### TASK
Omit all pictures. Quote only the lines from the one with "Țâțe naturale uriașe Amanda Talia sărind" through the end of the material below.

### EXTRACTED DATA
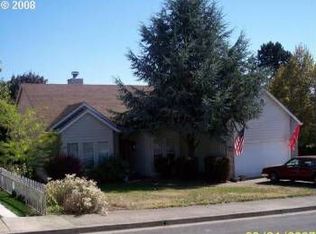 159 SW Spruce St, Dundee, OR 97115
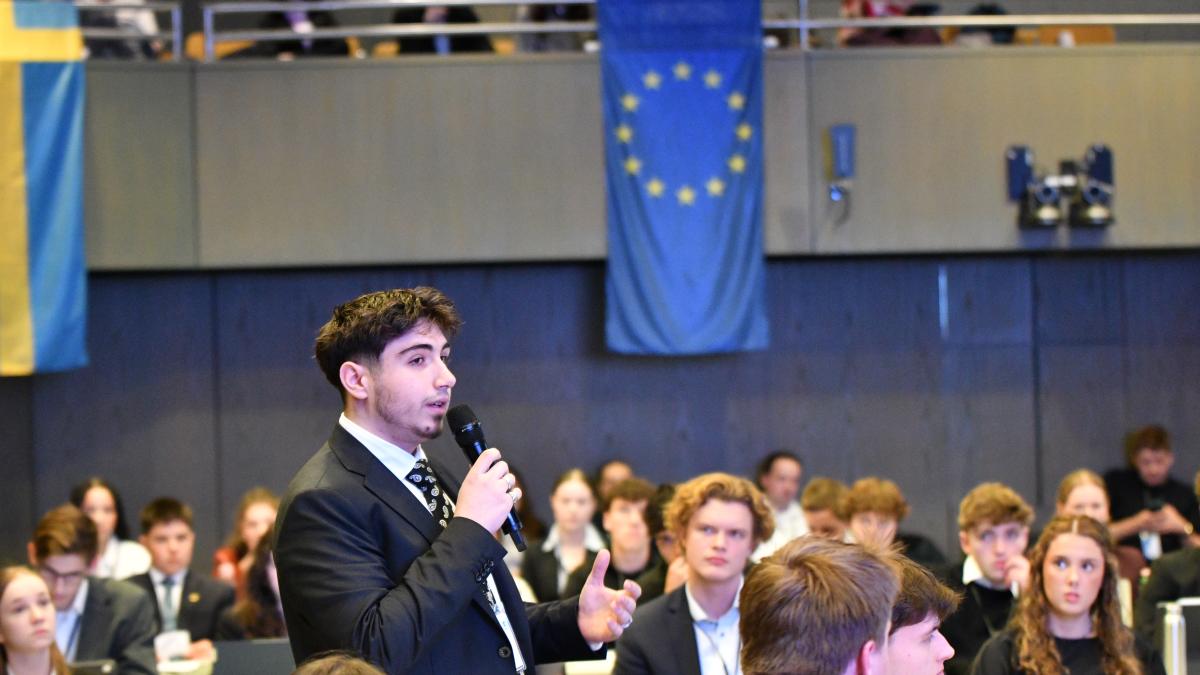 Zölle, Drohnen, Diplomatie: Wie die „European Voices“ in Eutin Weltpolitik machen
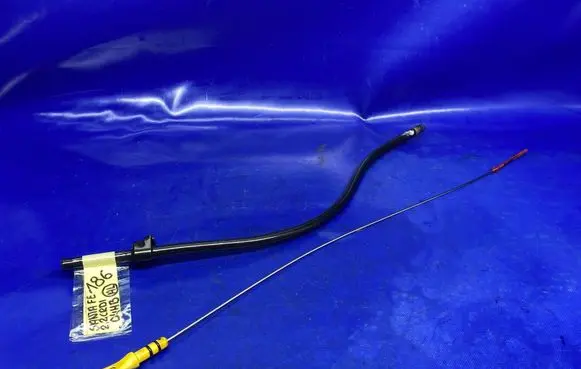 Hyundai Santa Fe Oil level dip stick 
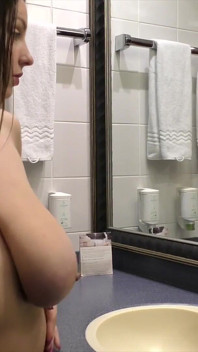 Țâțe naturale uriașe Amanda Talia sărind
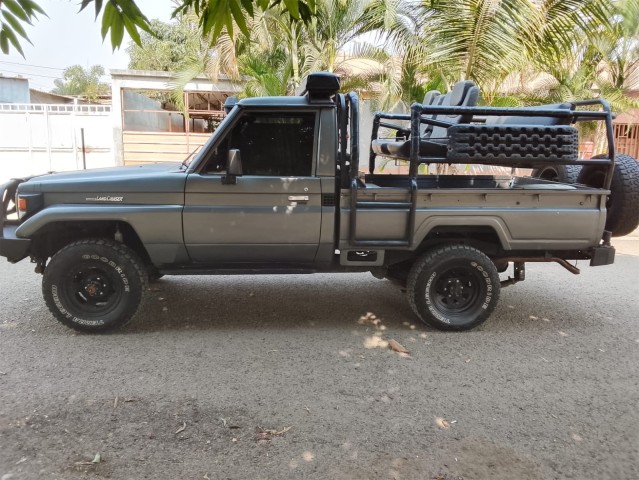 Venda TOYOTA LAND CRUISER | HZ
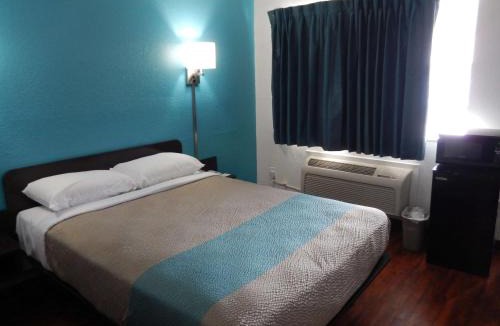 Portland Hotel | Motel 6-Portland, TX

### ANSWER BOX
 Țâțe naturale uriașe Amanda Talia sărind
 Venda TOYOTA LAND CRUISER | HZ
 Portland Hotel | Motel 6-Portland, TX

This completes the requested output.